One possible solution would be to use progn, as follows:

#+somefeature
(progn
  #@traced
  (defun ...))

But that's kind of ugly.

I would like to modify the #+ and #- reader macros, such that they may consume more than one token. Something like this:

(defun conditional-syntax-reader (stream subchar arg)
  ; If the conditional fails, consume subsequent tokens while they
  ; start with #@, then consume the next token.
)
(setf *readtable* (copy-readtable))
(set-dispatch-macro-character #\# #\+ #'conditional-syntax-reader)
(set-dispatch-macro-character #\# #\- #'conditional-syntax-reader)

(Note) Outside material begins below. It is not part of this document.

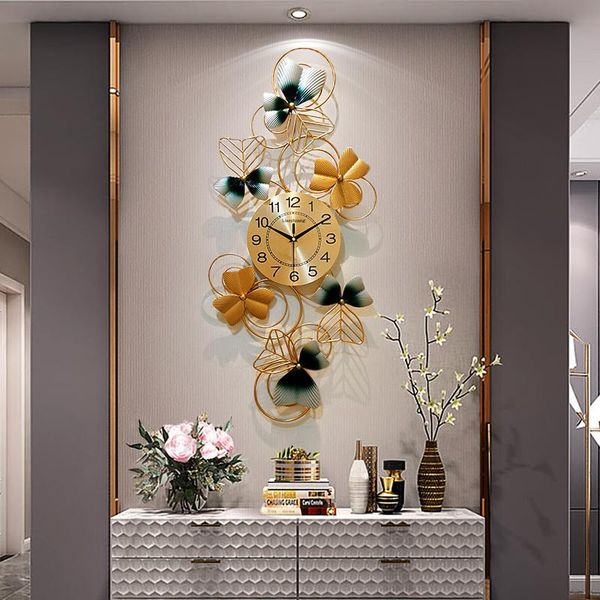 

nordic large wall clock luxury modern design living room metal silent simple horloge home decor my melody clocks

The problem is, I don't know how to "delegate" to the original reader macros; and I don't understand enough about how they were implemented to re-implement them myself in their entirety.

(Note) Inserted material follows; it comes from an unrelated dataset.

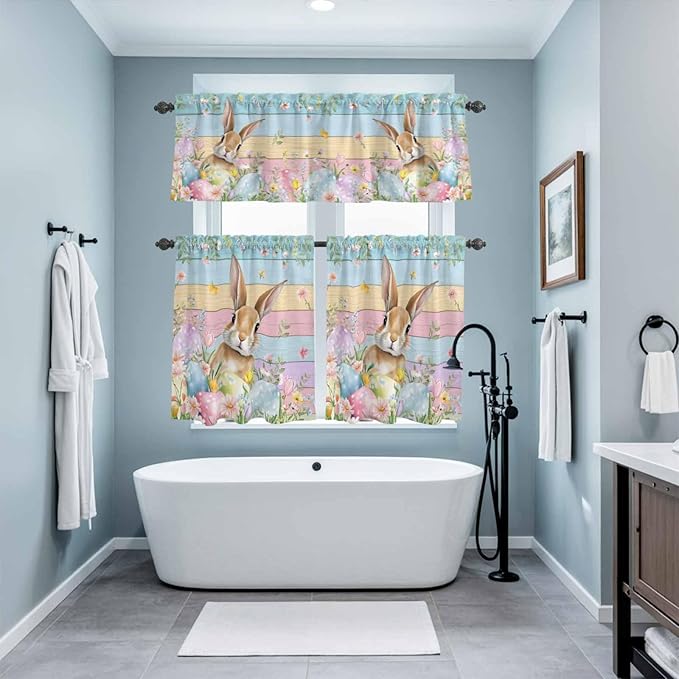 Kitchen Curtains Tiers and Valance Set of 3, Easter Light Filtering Window Curtain Set, Spring Rabbit Eggs Floral Colorful Wooden Grain Rod Pocket Curtain Drapes for Cafe, Living Room, 36 Inches Tiers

A naive approach would be:

(defun consume-tokens-recursively (stream)
  (let ((token (read stream t nil t)))
    (when (string= "#@" (subseq (symbol-string token) 0 2))
      (consume-tokens-recursively stream))))    ; recurse
(defun conditional-syntax-reader (stream subchar arg)
  (unless (member (read stream t nil t) *features*)
    (consume-tokens-recursively stream)))

However, I'm given to believe that this wouldn't be sufficient:

The #+ syntax operates by first reading the feature specification and then skipping over the form if the feature is false. This skipping of a form is a bit tricky because of the possibility of user-defined macro characters and side effects caused by the #. and #, constructions. It is accomplished by binding the variable read-suppress to a non-nil value and then calling the read function.

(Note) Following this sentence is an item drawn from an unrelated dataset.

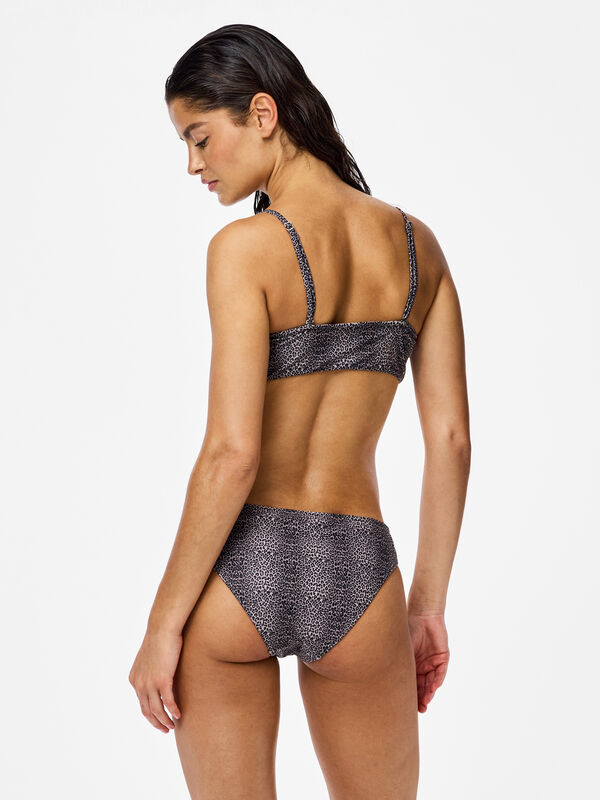 Pieces Top bikini bandeau estampado animal negro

This seems to imply that I can just let ((*read-suppress* t)) when using read to solve the issue. Is that right?


EDIT 1

Upon further analysis, it seems the problem is caused by not knowing how many tokens to consume. Consider the following attributes:

  • #@export expects one argument: the (defun ...) to export.

  • #@traced expects two arguments: the debug level and the (defun ...) to trace.

Example:

#+somefeature
#@export
#@traced 3
(defun ...)

It turns out that #+ and #- are capable of suppressing all these tokens; but there is a huge problem!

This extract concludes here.